The Potomac Eagle follows the South Branch of the Potomac River into a narrow valley called The Trough, accessible only by boat or train.
"Canoeing is great," Corbitt says, "but it's not for everyone."
Trains, on the other hand, accommodate anyone from parents with small children to less agile senior citizens.
West Virginia's newest tourist train is the New Tygart Flyer, which runs on the Durbin & Greenbrier Valley Railroad.
The Flyer has two routes, one covering 46 miles over four hours, from Elkins to a roaring 18-foot-high waterfall on Shaver's Fork of the Cheat River. A 78-mile, seven-hour tour runs on Sundays out of Belington.
The enclosed, air-conditioned cars travel about 25 mph alongside a boulder-strewn river to the High Falls of the Cheat, crossing a bridge barely wider than the train, rumbling through an 1,800-foot tunnel and passing an abandoned rail bridge to nowhere.
Sometimes, riders get off at Woodrow and walk back to Elkins, fishing 5 miles of river. Other riders reach the falls — where the 35-degree curve is too sharp for the Flyer — and board the motor-driven Cheat Mountain Salamander, a "rail bus" without a locomotive, for a second journey.
Engineer Bob Robinson of Parkersburg says the operation couldn't survive if it had to pay $70,000 salaries, so most of the crew donate their skills.
"I treat this as a way to volunteer and allow Grandpa to take the kids out for a train ride," he says. "Some people go out and build houses and do other things. This is my way."

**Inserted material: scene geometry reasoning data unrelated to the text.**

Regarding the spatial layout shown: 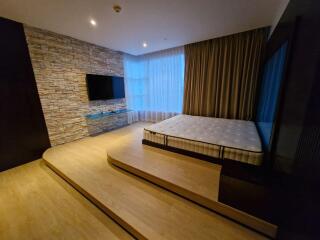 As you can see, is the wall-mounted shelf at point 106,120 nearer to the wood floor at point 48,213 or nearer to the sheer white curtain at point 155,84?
the sheer white curtain at point 155,84

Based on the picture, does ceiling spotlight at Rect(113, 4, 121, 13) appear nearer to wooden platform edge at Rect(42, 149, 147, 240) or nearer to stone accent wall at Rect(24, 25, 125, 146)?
stone accent wall at Rect(24, 25, 125, 146)

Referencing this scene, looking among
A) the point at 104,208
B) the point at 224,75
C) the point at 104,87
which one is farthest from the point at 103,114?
the point at 224,75

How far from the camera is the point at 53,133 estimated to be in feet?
10.3

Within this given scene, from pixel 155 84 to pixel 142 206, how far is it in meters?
4.02

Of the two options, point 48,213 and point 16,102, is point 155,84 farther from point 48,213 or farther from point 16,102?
point 48,213

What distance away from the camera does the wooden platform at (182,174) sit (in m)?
1.35

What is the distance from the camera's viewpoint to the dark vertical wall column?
7.91ft

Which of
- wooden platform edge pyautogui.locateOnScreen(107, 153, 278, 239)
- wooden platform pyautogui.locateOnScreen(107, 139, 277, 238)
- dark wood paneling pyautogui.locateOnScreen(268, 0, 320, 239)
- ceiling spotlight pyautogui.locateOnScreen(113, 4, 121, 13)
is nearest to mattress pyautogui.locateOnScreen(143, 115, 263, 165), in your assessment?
wooden platform pyautogui.locateOnScreen(107, 139, 277, 238)

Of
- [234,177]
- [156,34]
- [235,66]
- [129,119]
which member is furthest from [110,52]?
[234,177]

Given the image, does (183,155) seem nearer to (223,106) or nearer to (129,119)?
(223,106)

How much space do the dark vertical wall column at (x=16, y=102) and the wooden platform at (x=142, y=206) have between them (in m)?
0.70

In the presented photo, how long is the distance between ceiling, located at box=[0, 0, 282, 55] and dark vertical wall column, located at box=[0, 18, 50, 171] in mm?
409

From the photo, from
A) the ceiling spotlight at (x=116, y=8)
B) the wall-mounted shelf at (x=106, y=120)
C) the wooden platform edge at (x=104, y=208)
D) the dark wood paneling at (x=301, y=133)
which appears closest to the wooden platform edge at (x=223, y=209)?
the dark wood paneling at (x=301, y=133)

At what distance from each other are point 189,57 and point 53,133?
399 centimetres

Bernadette and David Wilson of North Weymouth, Mass., discovered the Flyer when a timeshare swap landed them in nearby Canaan Valley. With David recovering from leg surgery, it seemed an ideal adventure.
"This is a slow, slow train," Bernadette says. "Some people don't like that. You have to want to have a relaxing trip and take your time."
But Howard Payne, the Flyer's announcer, says that's just what folks are starting to do — slow down.
"You can get there in a hurry if you want to," he says, "but why do it then?"